Search code examples
matlabimage-processingcomputer-visionfeature-extractionvlfeat

Smoothening the image before feature extraction


I am using the vl_phow function (http://www.vlfeat.org/matlab/vl_phow.html) and wondering why the smoothing is applied before the feature extraction.

To be more specific in the documentation of vl_phow it is mentioned that:

The image is smoothed by a Gaussian kernel of standard deviation SIZE / MAGNIF. Note that, in the standard SIFT descriptor, the magnification value is 3; here the default one is 6 as it seems to perform better in applications.

So why is this smoothing operation is done?

Also in the same documentation there is WindowSize option which is explained as follows: size of the Gaussian window in units of spatial bins.

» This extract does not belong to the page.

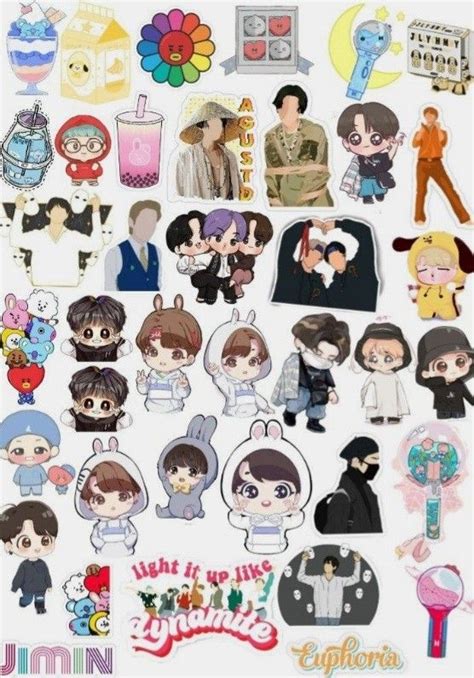 Pin De Army En PrintableStickers Pegatinas Bonitas Dibujos Bonitos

Is this Window used to smooth the image or for something else?

Can you please tell me why it is done and the advantages of smoothing the image before the feature extraction.


Solution

  • While this is more a math question than a MATLAB question , I'll go for it anyway.

    SIFT features are supposed to be points that "stand out" in the image. They are features that have high information content, and that will be "invariant" in different images.

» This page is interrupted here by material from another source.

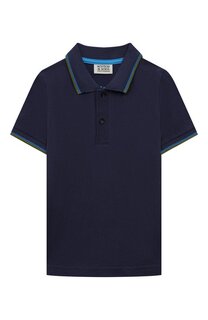 Хлопковое поло Scotch&Soda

    However, a noisy image may have "noise" that looks like something important. Basic example:

    [0 0 0 0 0
     0 0 0 2 2
     0 1 0 2 2
     0 0 0 0 0]
    

    Without smoothing, one may think that there are 2 areas with loads of information there, the area with 2s and the area with a single 1. However, while the area with 2s does seem like part of the information, as there are a lot of them together, the part with a single 1 may be just noise, a small random value added there due to the noise in the imaging technology.

    If you smooth the image with a filter you'dd get something like (made up example)

    [0 0    0 0   0
     0 0    0 1.9 2
     0 0.01 0 1.9 2
     0 0    0  0  0]
    

    Where it is way more obvious that the 1 is just noise, but the 2s stay.

    That;s why feature extraction algorithms, such as SIFT, do generally smooth the image before getting keypoints.

    The bigger the smoothing window, the more robust keypoints you'll find, as smaller things will be removed. However you will also find less keypoints. Also making it too big you risk deleting real information (the 2s int he example).